In conversations about telecommunications, moods can easily turn sour. The golden age of the first mobile networks have faded somewhat. Data, once seen as a sideline and a potential revenue channel, has exploded forth and caused havoc with voice and messaging revenues. It’s a shift in the market that cannot be reversed. Digital connectivity is not only becoming all pervasive – the world would be worse off if it didn’t. By Simon Carpenter, chief customer officer at SAP Africa
This is not sweet music to an industry that saw its revenues shrink violently. Whether a telco is an incumbent or a fairly new arrival in the industry’s various tiers, they all face the challenge of finding more revenue in the seemingly infinite supply of bandwidth the world holds today.
Those invested in infrastructure also have the pressure of continually improving their holdings, often under the expectation of providing better data services.
The succession of 3G, 4G, 5G and beyond is not slowing down, because large consumer appetites demand more. Even modern investments of fibre are under pressure to perform on a margin that will be tougher to find as more bandwidth becomes available.
But as bleak as it looks, the telco industry has a big advantage: it sits on all the infrastructure that drives the digital era. Data centers, connectivity and user devices all fall under its domain.
When studying the plight of telcos a few years ago, Accenture noted that the sector has “established billing relationships, large network infrastructures and a significant amount of customer and usage data [and] existing trust.”
Those are valuable advantages and places teleco companies at a rare inflection point. The going is tough, but the juiciest fruits are growing on telco trees.
The question is how to go about picking those. In the short term some telcos have been targeting over-the-top providers, the ecosystem of services that have sprouted on those same digital pillars the sector owns. But this is not a long-term solution, especially when considering the brand damage when trying to curtail a popular service.
Telcos need to get more assertive about the two-sided business model mooted as Telco 2.0. They are ideally placed to become the hubs around which new, collaborative business models revolve.

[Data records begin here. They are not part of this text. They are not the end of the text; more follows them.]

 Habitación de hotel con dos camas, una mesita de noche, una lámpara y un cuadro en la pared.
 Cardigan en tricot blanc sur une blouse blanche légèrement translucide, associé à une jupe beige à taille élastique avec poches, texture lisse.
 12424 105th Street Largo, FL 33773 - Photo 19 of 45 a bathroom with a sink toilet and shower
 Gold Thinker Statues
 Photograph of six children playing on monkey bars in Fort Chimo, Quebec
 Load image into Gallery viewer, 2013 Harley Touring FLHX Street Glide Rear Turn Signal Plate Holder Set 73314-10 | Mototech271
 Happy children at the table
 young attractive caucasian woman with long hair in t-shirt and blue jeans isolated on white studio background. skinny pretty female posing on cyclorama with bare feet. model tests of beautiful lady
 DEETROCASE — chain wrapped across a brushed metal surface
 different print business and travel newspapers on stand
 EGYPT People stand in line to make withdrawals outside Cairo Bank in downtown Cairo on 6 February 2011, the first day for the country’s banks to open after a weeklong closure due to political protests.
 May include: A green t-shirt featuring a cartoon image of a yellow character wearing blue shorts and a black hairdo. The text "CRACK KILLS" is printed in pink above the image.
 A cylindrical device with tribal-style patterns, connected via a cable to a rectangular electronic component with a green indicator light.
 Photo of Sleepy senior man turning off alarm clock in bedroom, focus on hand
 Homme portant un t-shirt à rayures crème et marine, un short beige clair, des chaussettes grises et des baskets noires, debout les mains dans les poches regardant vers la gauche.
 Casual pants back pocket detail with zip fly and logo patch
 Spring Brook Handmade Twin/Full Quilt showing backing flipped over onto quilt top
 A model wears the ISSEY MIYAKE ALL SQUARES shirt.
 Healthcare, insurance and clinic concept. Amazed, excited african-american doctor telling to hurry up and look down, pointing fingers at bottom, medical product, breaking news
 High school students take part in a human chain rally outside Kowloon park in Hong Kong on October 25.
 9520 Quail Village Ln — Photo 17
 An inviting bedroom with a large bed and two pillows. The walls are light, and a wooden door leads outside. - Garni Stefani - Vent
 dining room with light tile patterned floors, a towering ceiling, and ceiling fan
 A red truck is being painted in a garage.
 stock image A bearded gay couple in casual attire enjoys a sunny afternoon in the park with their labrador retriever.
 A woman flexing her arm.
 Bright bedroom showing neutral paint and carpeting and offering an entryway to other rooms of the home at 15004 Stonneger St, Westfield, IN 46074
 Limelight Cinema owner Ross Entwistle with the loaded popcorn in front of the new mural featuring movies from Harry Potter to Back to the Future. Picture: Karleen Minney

It’s a frustrating place: telcos have the means and tools to take a front row seat in the 21st century, but their legacies make it hard to turn and set the new course. To get there requires a new degree of leadership and internal co-operation.
Traditionally telcos have two different technology branches: network and operations. They are normally independent, but the rise of data culture has created many overlaps. The same usage data on the network can translate to behavioural data for the business.
This is just the tip of the iceberg, a vast mountain of information telcos typically sit on. Mining that data is possible thanks to the very infrastructure telcos happen to own.
Modern agile infrastructure creates a new fabric in technology. Today computational power can scale to mind-boggling degrees, allowing for the creation of new platforms that chart the way ahead. On these platforms companies can purchase or build a new species of fast, resourceful and elastic services that deliver the gamut of business applications.
It’s a concept often narrowed to the cloud world, but in truth it speaks to the unleashing of connected data centers. A correctly assembled grouping of computers are now the engines increasingly driving the 21st century economy.
Telcos own a lot of those engines, as well as the pipes connecting them and the indulgence of consumers relying on their output. But big ships are hard to turn, so how can telcos make the jump?
They start small.
One way is to create an independent development team to explore a platform technology, uninhibited by the larger company culture and superstitions. A mobile operator in the Middle East did just this when it formed a splinter group to create services for the enterprise market on SAP’s HANA platform. This attracted a lot of new business from the region’s established and startup companies.
Another approach is to simply make a platform and its services available for the telco’s customers. There are several national network providers in Africa and across the globe that offer SAP HANA’s cloud service in collaboration with a skilled solution provider.
Over time the telco learns from the experience, gains more skills and begins incorporating HANA into its own practices – all while tending to a lucrative revenue stream of business customers also engaging the same platform. If you own the data centre infrastructure, you can have your cake and eat it.
Once such a platform is in place, the opportunity arrives for internal departments to reach across traditional silo walls. The data providing business efficiencies and insights flows more uniformly. Through the unifying power of platforms built on distributed, in-memory computing, the data era’s potential finally comes to fruition.
The platform era is already with us and defines the foreseeable future of all technology. Its shift in company ideology and investment thinking is profound, creating a massive challenge for companies and their leaders.
But the telecommunications sector is in a better position than anyone to get the most out of it. It’s not a question of fighting change, but how to be best positioned to lead it.